» Dataset content:
--- START ---

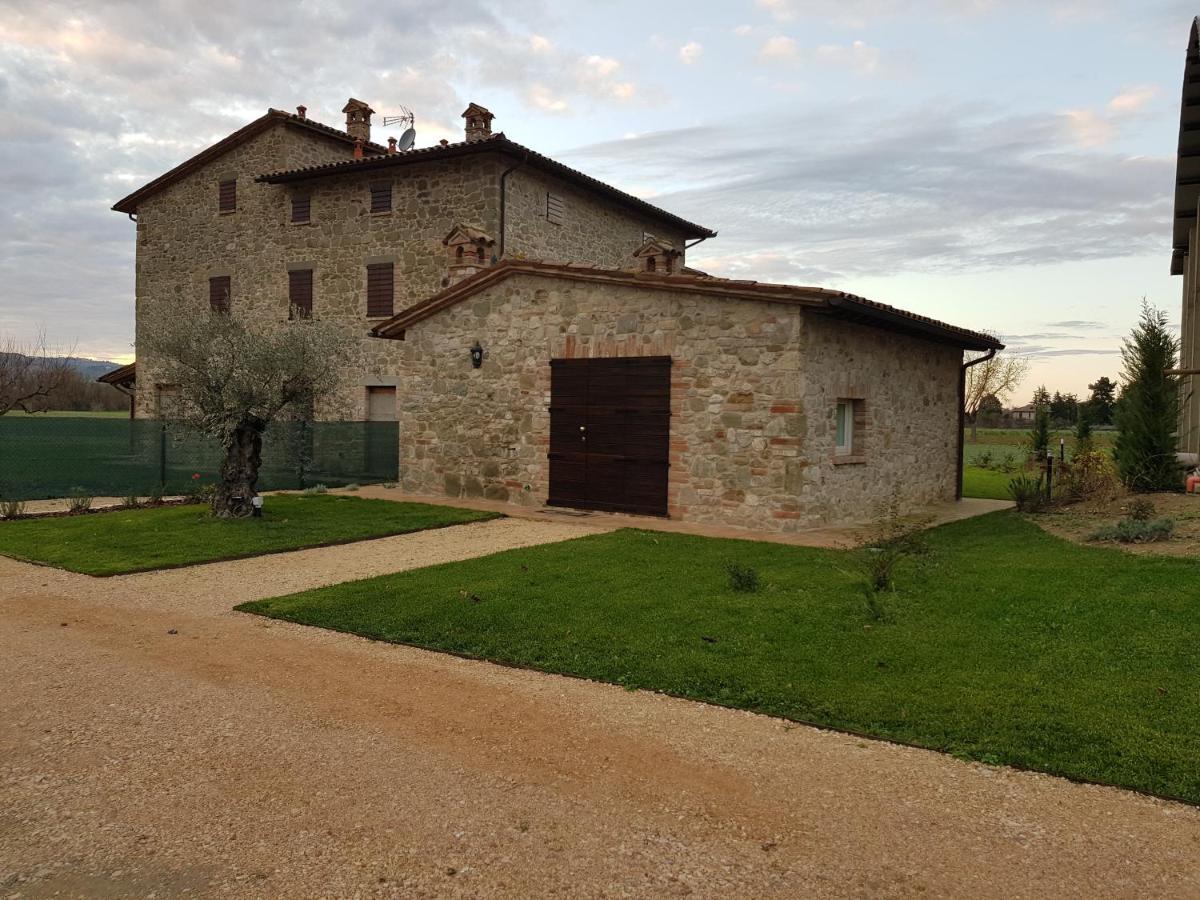 Agriturismo Villa Al Piano 토티 외부 사진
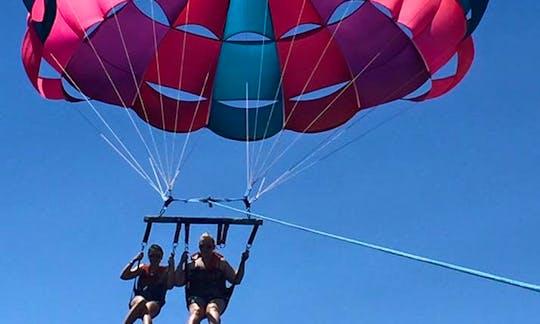 Tandem Parasailing Fly For 15-Minutes In Red Sea Governorate, Egypt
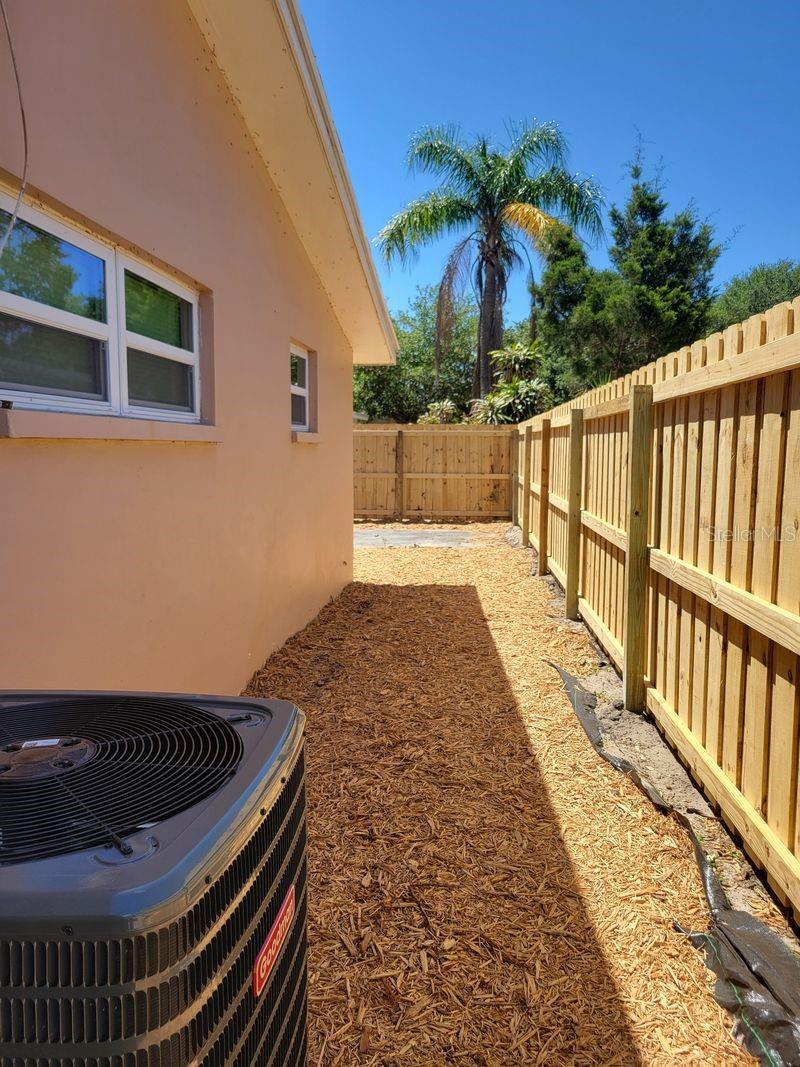 611 LYNDHURST ST, DUNEDIN, FL, 34698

--- END ---

» What the exercise asks: Type the lines above out again exactly as they appear, skipping every picture.

» Exercise output:
 Agriturismo Villa Al Piano 토티 외부 사진
 Tandem Parasailing Fly For 15-Minutes In Red Sea Governorate, Egypt
 611 LYNDHURST ST, DUNEDIN, FL, 34698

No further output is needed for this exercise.